The $992.6 million bond on the ballot was the first phase of a $1.7 billion capital plan. Administrators split the $1.7 billion bond into two and will ask voters for a similar outcome in 2021, when an estimated $705.5 million bond will go before voters.

There were 118,740 votes, with 88,715 votes in favor of the bond, or 74.71 percent, and 30,025 votes against, or 25.29 percent.

Funds from this bond are earmarked mainly for capital projects and include funding for land acquisition, school construction and renovations, system improvements and maintenance work.

Typically, bond funds are used to pay for capital investment, which may include construction, acquisition, equipment, including technology, as well as maintenance and renovation of buildings. It can also go toward acquisition or purchase of property for construction of new schools or to purchase new school buses.

"We have been planning for months so that we can get on the ground almost immediately," said FBISD Board of Trustees President Jason Burdine, "This comes on the heels of our 2014 program, and we are excited to built upon success we have had. We have learned many lessons, and that will lead to more deliberate program delivery."
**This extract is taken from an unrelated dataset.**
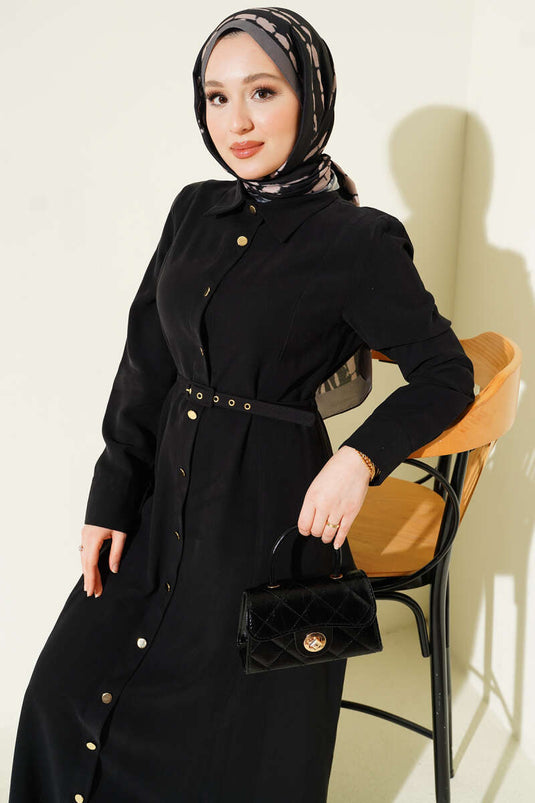 Full-Length Dress with Buttons and Belt, Tensel Fabric, Black
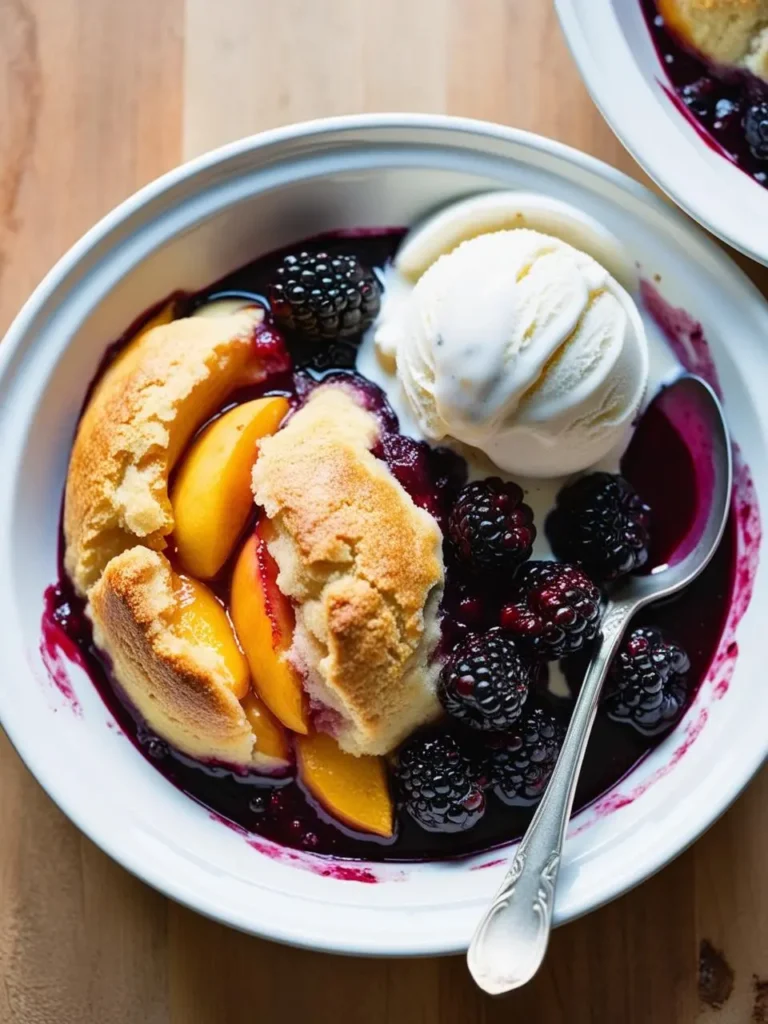 two bowls of peach and blackberry cobbler on a wooden table. the cobbler includes biscuits, sliced peaches, and blackberries in a dark sauce. a scoop of ice cream is on top. a spoon is in one bowl. the bowls are white. the table has a light wood grain. the cobbler appears warm and fruity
The board's plan is to "touch every building in our district within the next year," he said, as well as to show taxpayers that promised work is being done so that when the other phase of the bond goes before voters in 2021, it will also be approved.

Fort Bend ISD, in a series of videos, explained that if approved, taxpayers would likely see a 3-cent increase in the tax rate anticipated to take place by 2020. The tax rate has been $1.32 per $100 valuation since 2017.

Steven Bassett, chief financial officer of FBISD, said the 3-cent increase would give Fort Bend a tax rate of $1.35 per $100 valuation. Even with that increase, FBISD would have one of the lowest local school district tax rates in the Houston area, he said. Katy ISD’s rate is $1.5166 per $100 valuation and Cy-Fair ISD’s is $1.44 per $100 valuation, according to FBISD documents.

Community Impact Newspaper reported an increase could mean an additional $76 on the average homeowner’s tax bill, based on the current average taxable value of a home in FBISD, which is $255,111.

FBISD’s bond was one of 35 on the ballot for voters across the state, including a $480.5 million bond for Alvin ISD that also passed on Nov. 6.